Brief: Without the pictures, repeat the listing character for character.

Recorded data:
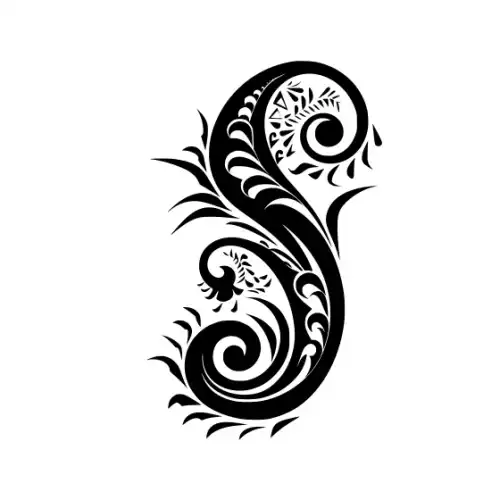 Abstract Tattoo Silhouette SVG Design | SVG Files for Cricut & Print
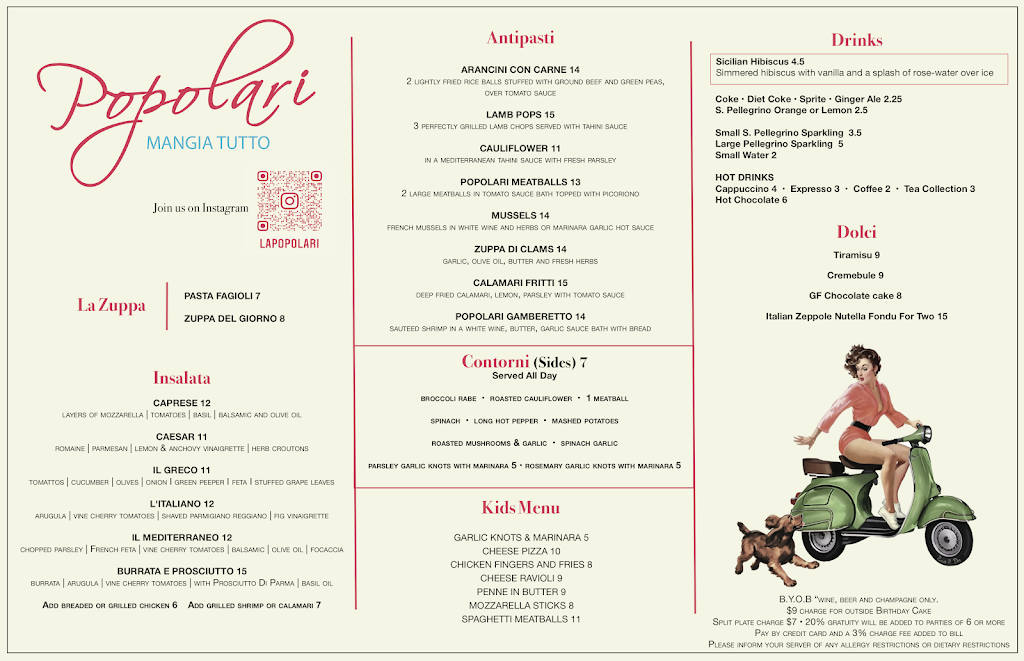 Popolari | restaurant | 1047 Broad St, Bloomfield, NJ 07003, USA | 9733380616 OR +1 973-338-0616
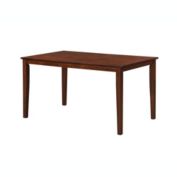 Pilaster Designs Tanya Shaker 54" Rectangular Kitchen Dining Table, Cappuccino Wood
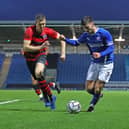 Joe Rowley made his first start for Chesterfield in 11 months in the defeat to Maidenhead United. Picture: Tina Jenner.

Answer area:
 Abstract Tattoo Silhouette SVG Design | SVG Files for Cricut & Print
 Popolari | restaurant | 1047 Broad St, Bloomfield, NJ 07003, USA | 9733380616 OR +1 973-338-0616
 Pilaster Designs Tanya Shaker 54" Rectangular Kitchen Dining Table, Cappuccino Wood
 Joe Rowley made his first start for Chesterfield in 11 months in the defeat to Maidenhead United. Picture: Tina Jenner.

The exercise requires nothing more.